[Exercise objective] Look in the listing below for the line that has "A2225451140 Кронштейн блока", then return it and each following line up to and including the one with "Tyč/vzpěra, stabilizátor ASHIKA 106-0H-H18R", exactly and without pictures.

[Material for this task]
※ ※ ※
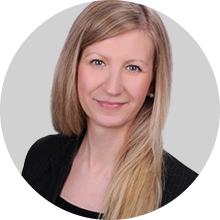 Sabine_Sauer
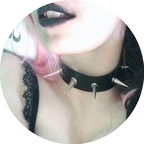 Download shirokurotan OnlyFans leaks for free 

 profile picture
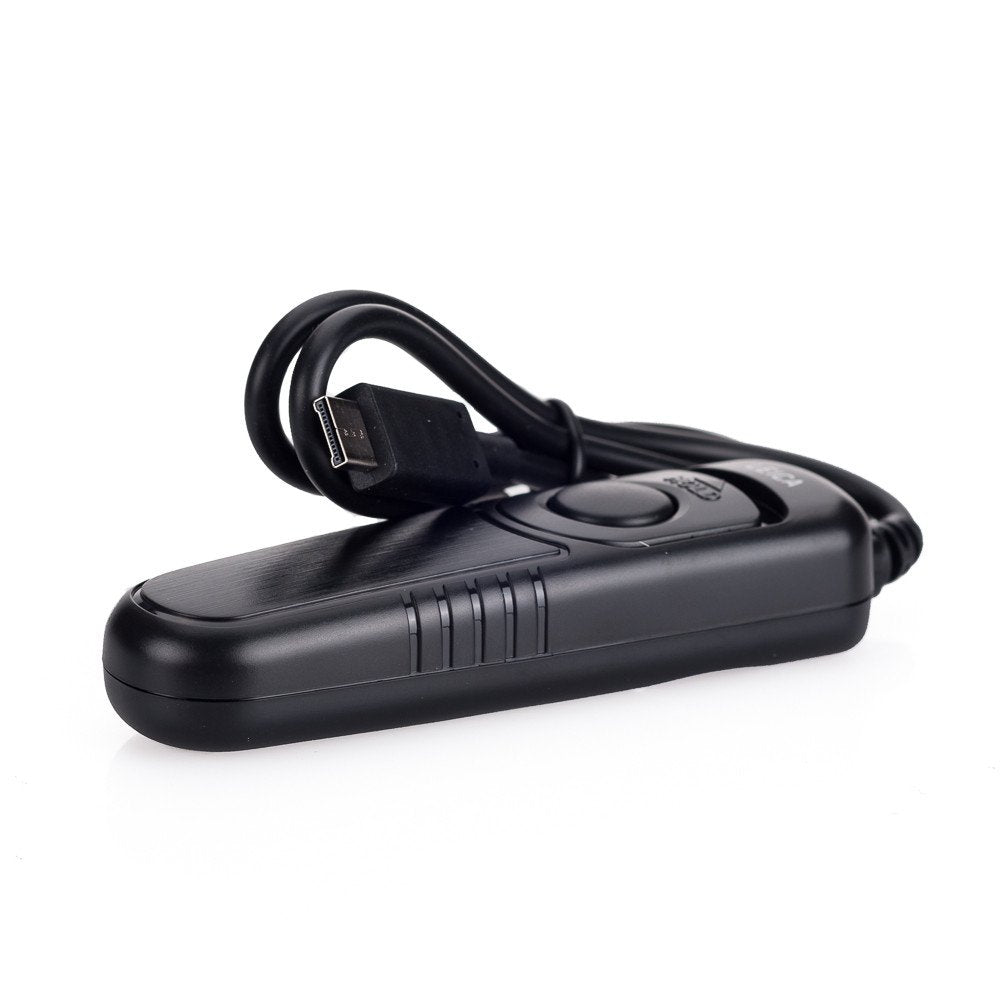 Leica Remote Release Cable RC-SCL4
※ ※ ※
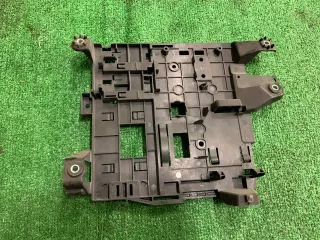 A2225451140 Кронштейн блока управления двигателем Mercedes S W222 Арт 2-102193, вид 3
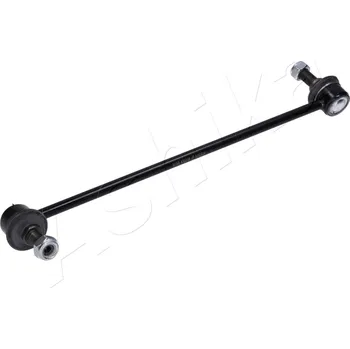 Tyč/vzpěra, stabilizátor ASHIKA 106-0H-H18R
※ ※ ※
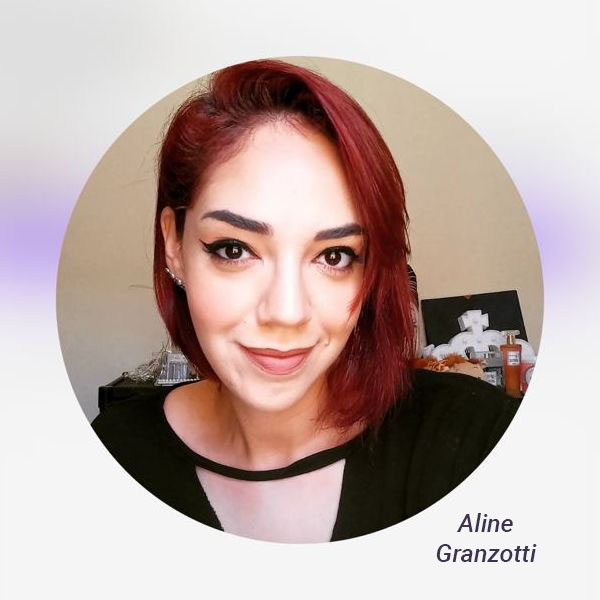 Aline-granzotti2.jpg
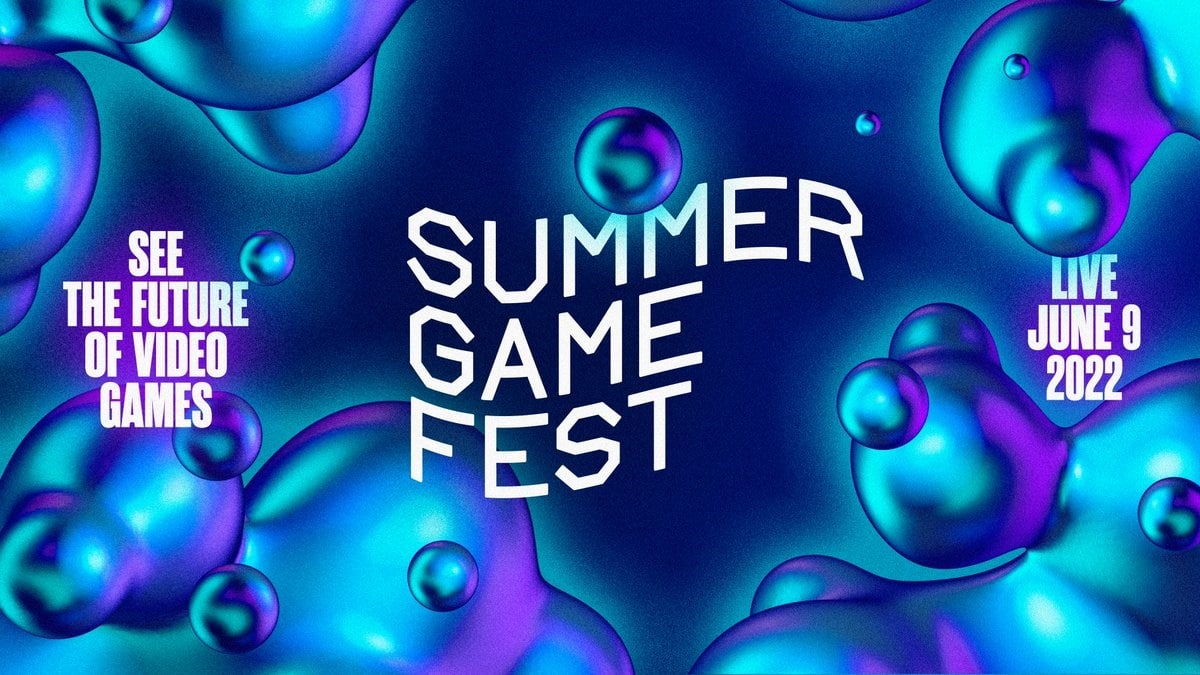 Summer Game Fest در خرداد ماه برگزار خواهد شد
※ ※ ※
[Result of the task]
 A2225451140 Кронштейн блока управления двигателем Mercedes S W222 Арт 2-102193, вид 3
 Tyč/vzpěra, stabilizátor ASHIKA 106-0H-H18R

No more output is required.